**Dataset entries**:
^^^^
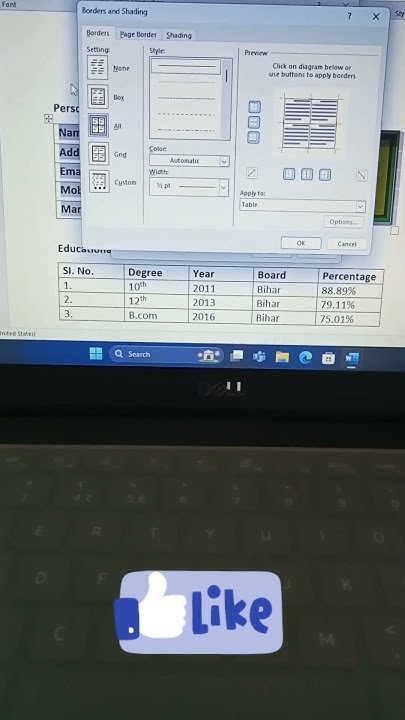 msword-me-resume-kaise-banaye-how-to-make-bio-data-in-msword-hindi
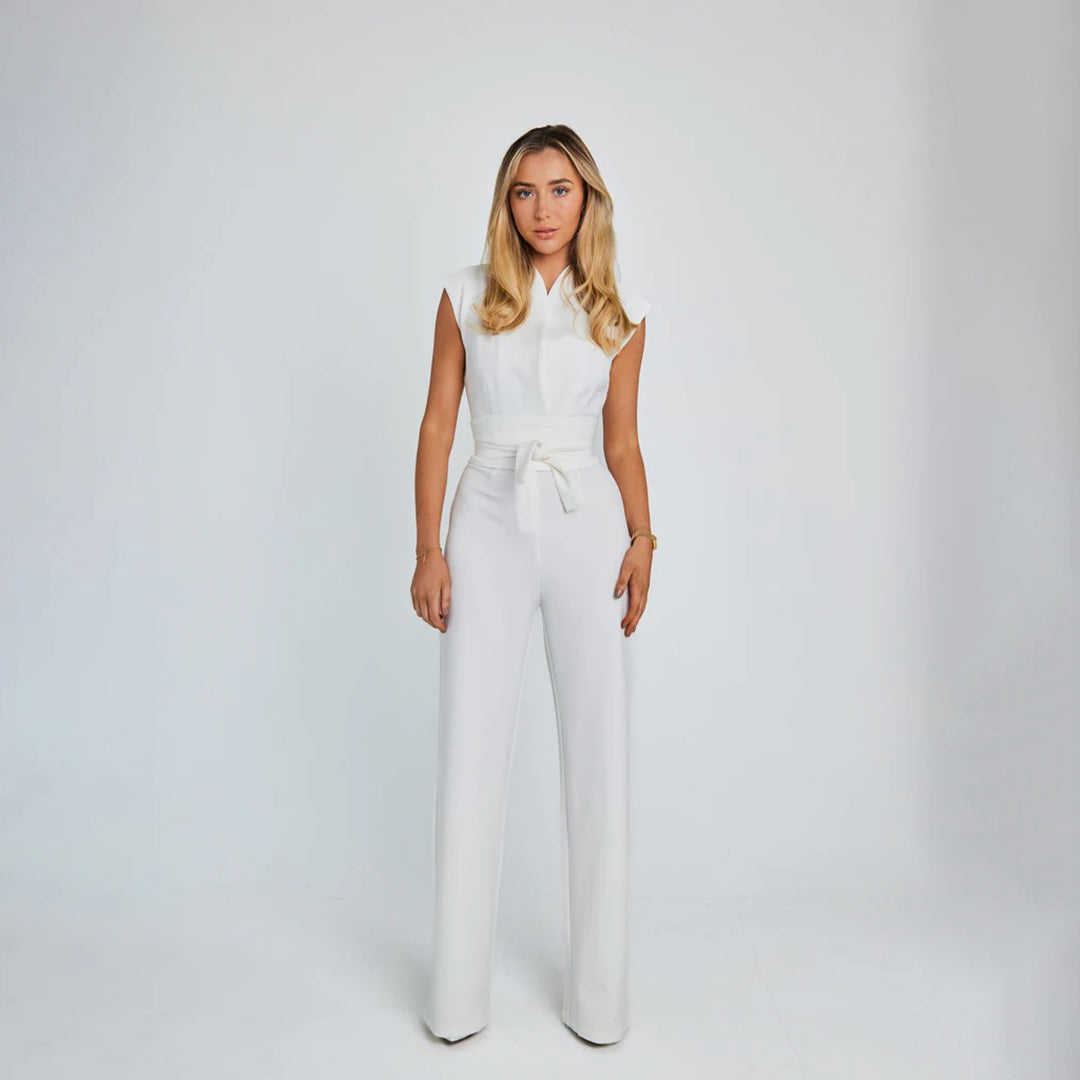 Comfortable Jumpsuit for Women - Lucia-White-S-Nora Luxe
^^^^
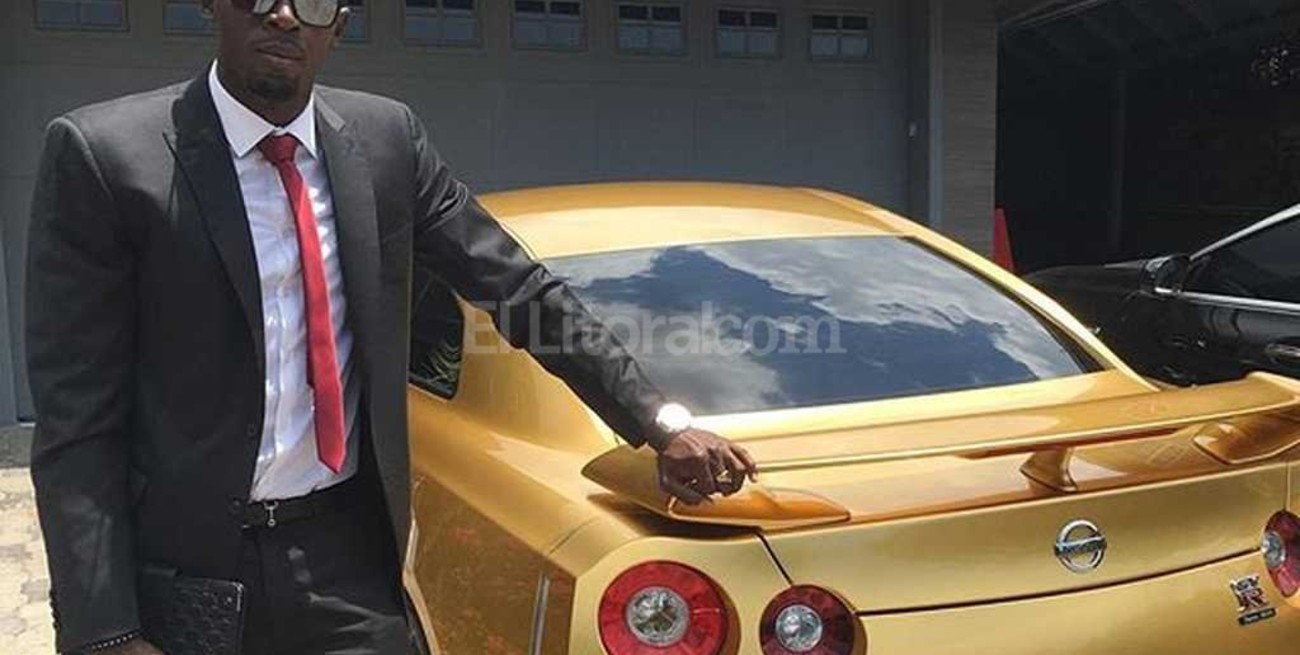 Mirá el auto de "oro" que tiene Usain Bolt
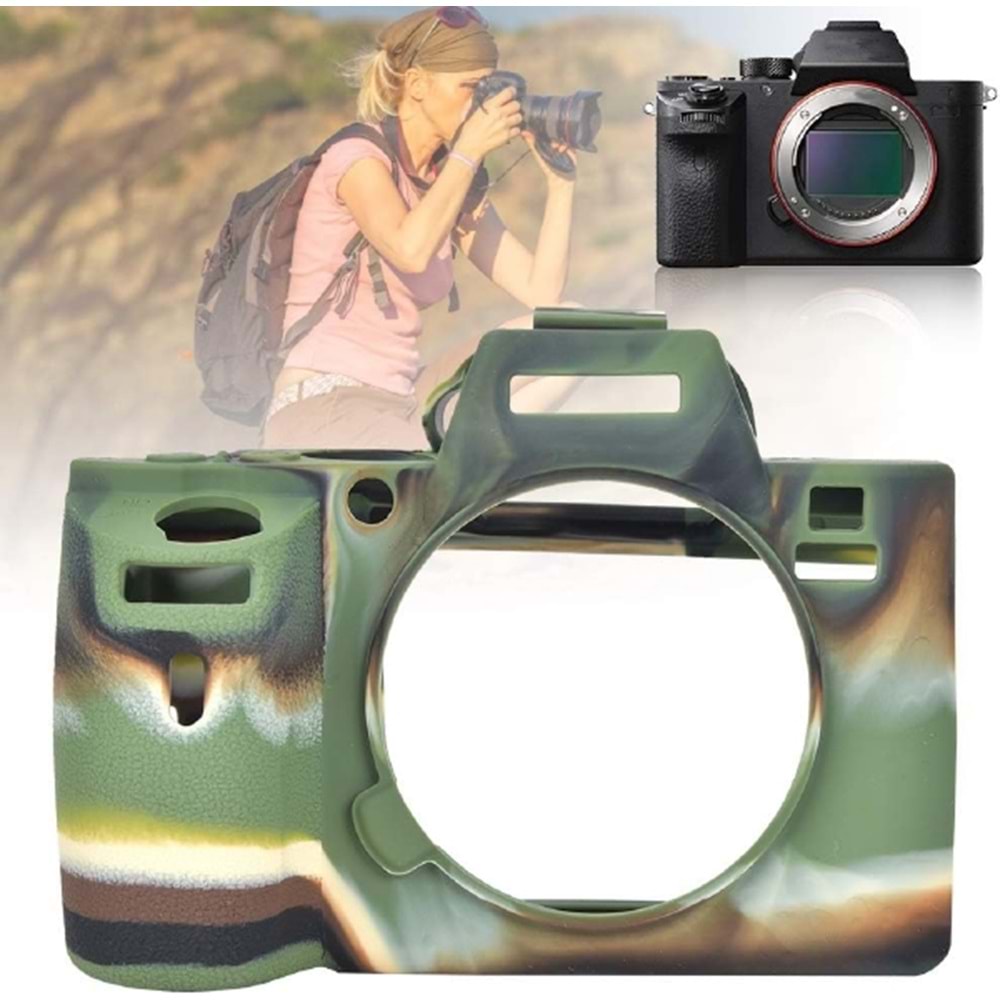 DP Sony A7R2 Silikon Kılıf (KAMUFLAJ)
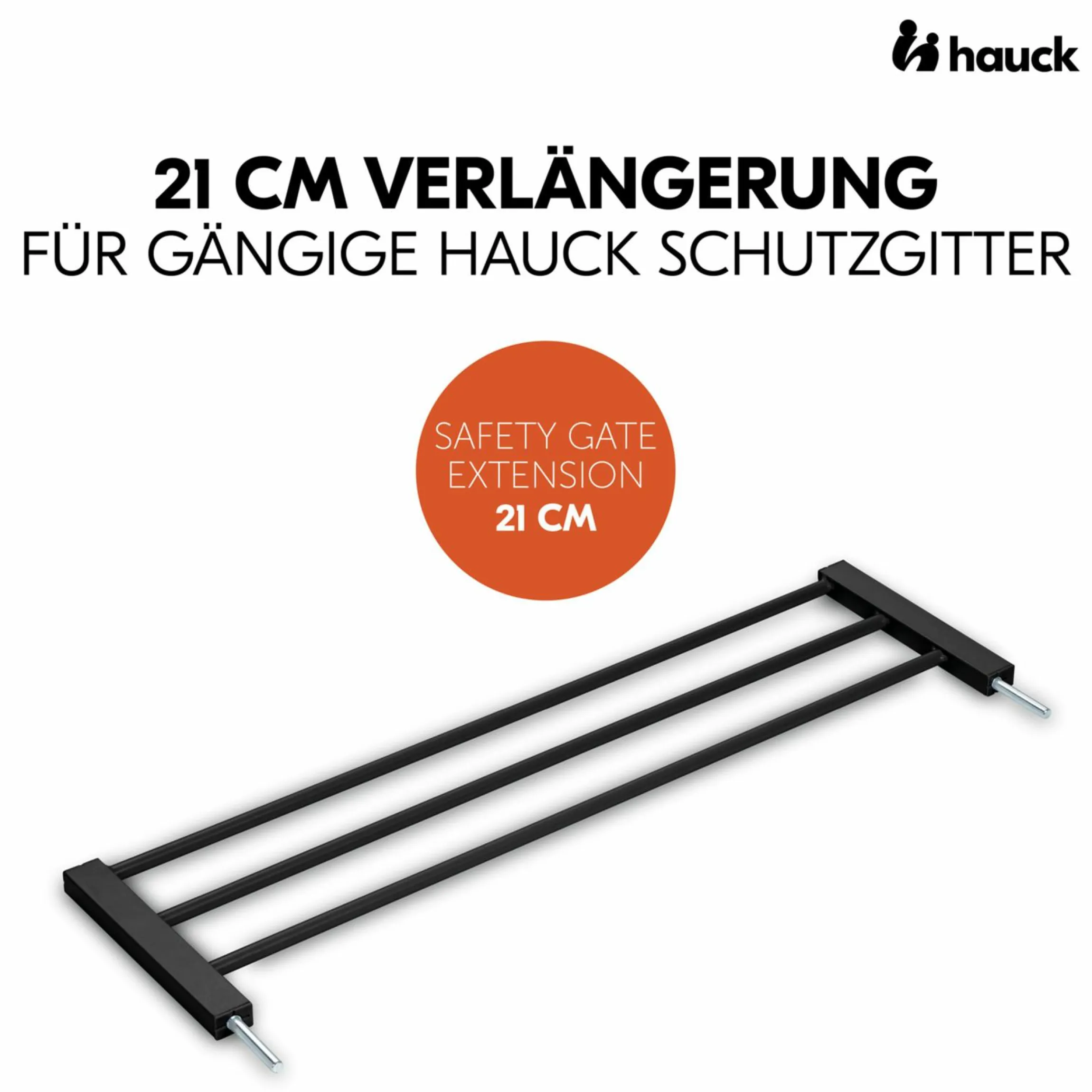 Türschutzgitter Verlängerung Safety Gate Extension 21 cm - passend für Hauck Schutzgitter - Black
^^^^
**What is needed**:
Repeat, word for word, the lines of the material above from the one holding "DP Sony A7R2 Silikon Kılıf (KAMUFLAJ)" through the one holding "Türschutzgitter Verlängerung Safety". Leave out pictures.

**The answer**:
 DP Sony A7R2 Silikon Kılıf (KAMUFLAJ)
 Türschutzgitter Verlängerung Safety Gate Extension 21 cm - passend für Hauck Schutzgitter - Black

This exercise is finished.